**The problem:** Entries below include pictures. Output exactly the lines from the one with "Matthew Mcconaughey egérpad" down to the one with "ein weißes Badezimmer", both ends included, and leave the pictures out.

**Dataset records:**
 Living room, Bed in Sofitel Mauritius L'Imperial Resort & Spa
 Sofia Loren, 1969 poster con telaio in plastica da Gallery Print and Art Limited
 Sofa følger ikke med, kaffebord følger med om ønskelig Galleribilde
--
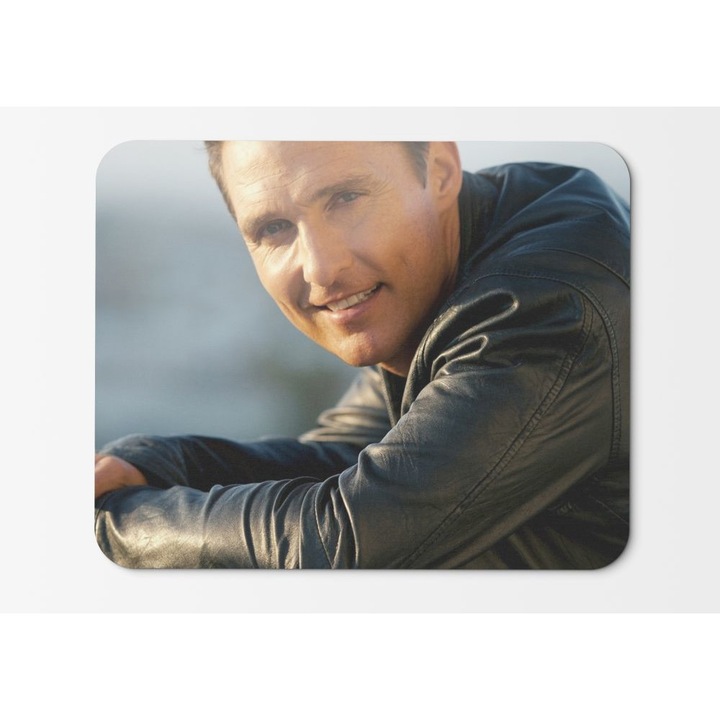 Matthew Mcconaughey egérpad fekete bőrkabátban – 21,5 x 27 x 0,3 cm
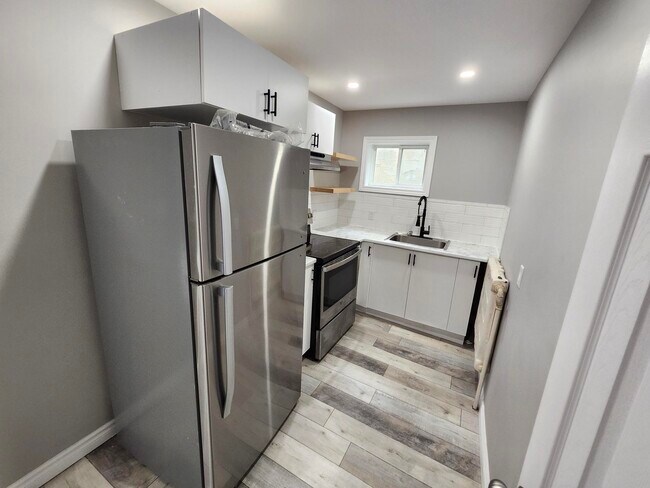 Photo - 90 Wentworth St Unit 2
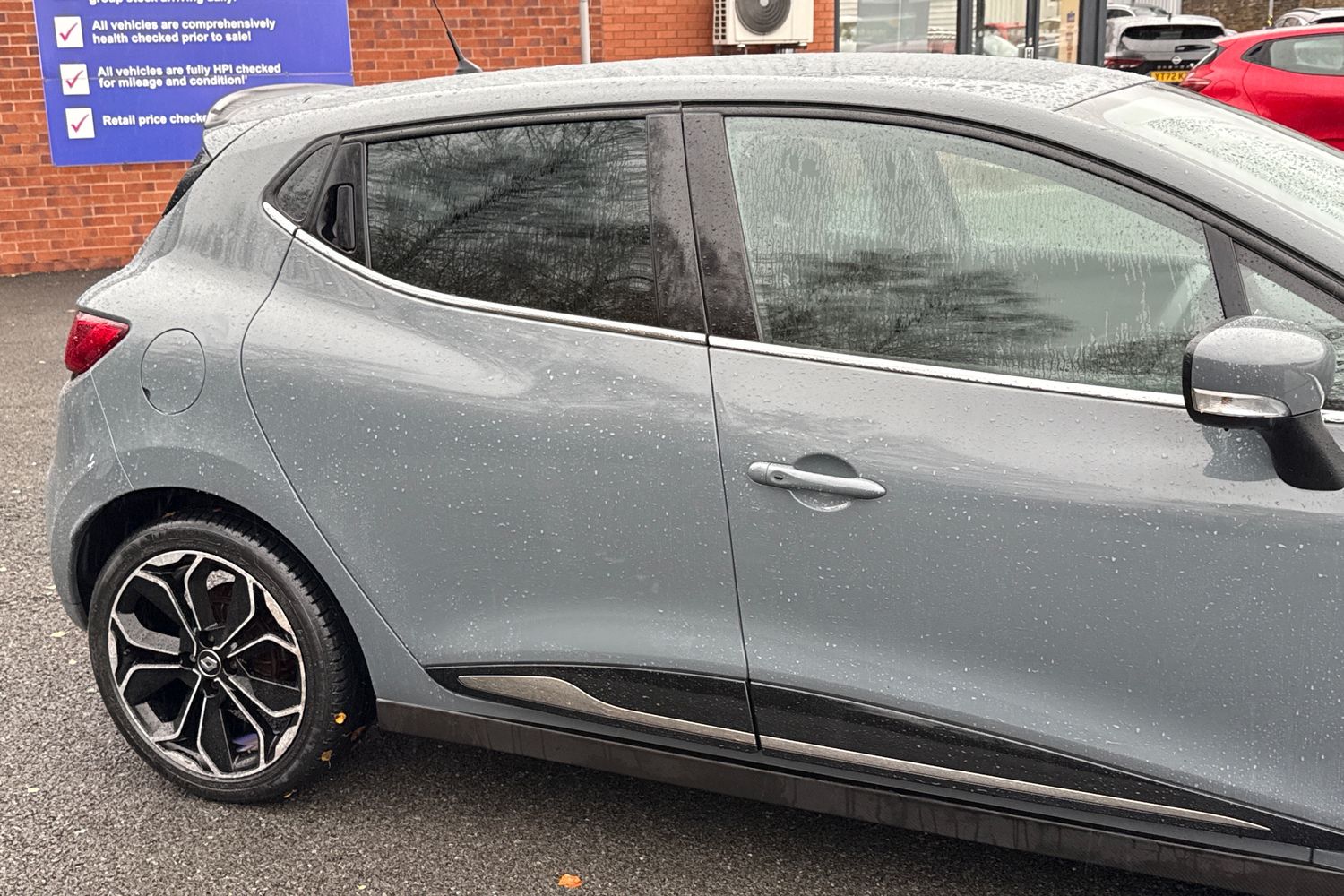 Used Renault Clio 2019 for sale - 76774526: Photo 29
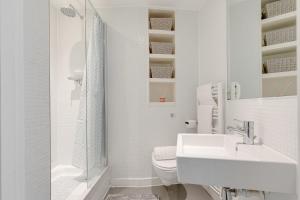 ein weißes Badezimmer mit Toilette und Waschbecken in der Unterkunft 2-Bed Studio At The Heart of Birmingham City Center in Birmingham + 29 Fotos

**Result:**
 Matthew Mcconaughey egérpad fekete bőrkabátban – 21,5 x 27 x 0,3 cm
 Photo - 90 Wentworth St Unit 2
 Used Renault Clio 2019 for sale - 76774526: Photo 29
 ein weißes Badezimmer mit Toilette und Waschbecken in der Unterkunft 2-Bed Studio At The Heart of Birmingham City Center in Birmingham + 29 Fotos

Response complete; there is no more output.